Search the entries for the word "learn" and pull out each line that has it.

→ Extracted records:

Segment Open

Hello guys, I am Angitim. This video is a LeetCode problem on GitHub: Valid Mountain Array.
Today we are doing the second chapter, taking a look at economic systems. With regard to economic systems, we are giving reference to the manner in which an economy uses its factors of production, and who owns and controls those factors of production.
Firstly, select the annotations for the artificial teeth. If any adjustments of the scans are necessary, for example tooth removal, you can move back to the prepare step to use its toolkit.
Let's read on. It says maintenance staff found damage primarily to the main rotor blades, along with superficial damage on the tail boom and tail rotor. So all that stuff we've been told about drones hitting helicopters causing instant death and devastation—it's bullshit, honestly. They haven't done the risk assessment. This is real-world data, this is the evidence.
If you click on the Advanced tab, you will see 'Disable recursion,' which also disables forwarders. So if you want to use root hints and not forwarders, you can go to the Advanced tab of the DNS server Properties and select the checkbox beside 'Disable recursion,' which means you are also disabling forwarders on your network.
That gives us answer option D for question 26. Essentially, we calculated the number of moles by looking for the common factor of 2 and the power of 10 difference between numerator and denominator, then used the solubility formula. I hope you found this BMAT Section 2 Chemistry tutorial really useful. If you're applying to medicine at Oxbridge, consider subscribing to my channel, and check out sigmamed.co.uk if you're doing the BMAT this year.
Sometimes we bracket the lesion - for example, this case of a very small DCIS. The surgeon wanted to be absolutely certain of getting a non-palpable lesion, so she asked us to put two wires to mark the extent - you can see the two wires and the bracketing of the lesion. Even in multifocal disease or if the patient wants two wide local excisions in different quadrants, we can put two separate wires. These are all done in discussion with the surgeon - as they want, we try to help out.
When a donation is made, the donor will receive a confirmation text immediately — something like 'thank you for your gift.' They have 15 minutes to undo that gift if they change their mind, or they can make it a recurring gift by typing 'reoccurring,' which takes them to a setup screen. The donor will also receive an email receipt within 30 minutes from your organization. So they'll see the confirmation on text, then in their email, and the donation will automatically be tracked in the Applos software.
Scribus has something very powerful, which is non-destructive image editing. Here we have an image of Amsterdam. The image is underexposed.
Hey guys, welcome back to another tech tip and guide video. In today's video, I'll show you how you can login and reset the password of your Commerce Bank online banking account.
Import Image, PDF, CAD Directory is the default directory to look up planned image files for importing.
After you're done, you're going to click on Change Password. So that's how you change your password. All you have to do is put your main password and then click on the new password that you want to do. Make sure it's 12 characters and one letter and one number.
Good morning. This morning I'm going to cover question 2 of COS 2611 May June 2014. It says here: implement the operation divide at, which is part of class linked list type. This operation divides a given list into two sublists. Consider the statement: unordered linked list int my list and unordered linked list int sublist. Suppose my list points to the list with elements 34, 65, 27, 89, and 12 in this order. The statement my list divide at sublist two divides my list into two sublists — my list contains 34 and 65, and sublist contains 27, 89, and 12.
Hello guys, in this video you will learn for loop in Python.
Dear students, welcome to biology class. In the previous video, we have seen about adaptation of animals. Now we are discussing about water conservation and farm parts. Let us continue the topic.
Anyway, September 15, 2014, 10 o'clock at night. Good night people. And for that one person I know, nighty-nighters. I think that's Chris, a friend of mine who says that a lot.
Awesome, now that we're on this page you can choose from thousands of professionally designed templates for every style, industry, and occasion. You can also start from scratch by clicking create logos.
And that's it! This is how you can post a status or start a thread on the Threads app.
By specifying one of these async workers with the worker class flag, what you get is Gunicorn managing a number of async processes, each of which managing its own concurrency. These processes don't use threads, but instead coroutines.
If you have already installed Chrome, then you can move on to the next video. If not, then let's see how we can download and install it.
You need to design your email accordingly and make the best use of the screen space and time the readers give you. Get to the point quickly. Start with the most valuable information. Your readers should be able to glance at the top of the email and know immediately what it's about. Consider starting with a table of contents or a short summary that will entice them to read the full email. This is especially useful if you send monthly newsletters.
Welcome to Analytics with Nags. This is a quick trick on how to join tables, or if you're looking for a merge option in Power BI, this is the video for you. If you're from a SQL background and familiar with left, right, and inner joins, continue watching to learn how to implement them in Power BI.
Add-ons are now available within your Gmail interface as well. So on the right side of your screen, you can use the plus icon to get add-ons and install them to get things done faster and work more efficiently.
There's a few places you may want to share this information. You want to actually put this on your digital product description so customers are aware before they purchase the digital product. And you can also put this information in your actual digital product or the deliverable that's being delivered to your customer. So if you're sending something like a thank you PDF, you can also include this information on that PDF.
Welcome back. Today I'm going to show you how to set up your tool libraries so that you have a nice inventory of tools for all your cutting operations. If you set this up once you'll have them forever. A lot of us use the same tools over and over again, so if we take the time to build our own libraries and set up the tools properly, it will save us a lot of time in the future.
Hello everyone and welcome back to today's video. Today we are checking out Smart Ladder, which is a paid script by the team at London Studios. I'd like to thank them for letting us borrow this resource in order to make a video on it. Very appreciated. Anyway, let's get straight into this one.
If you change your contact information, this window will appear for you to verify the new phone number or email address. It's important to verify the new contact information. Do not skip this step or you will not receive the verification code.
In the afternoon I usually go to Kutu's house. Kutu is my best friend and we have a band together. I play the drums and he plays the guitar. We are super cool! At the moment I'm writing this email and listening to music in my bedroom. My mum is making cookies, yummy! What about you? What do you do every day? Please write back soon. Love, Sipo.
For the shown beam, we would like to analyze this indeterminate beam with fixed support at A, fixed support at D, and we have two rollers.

Segment Closed

→ Worked solution:
Hello guys, in this video you will learn for loop in Python.
Welcome to Analytics with Nags. This is a quick trick on how to join tables, or if you're looking for a merge option in Power BI, this is the video for you. If you're from a SQL background and familiar with left, right, and inner joins, continue watching to learn how to implement them in Power BI.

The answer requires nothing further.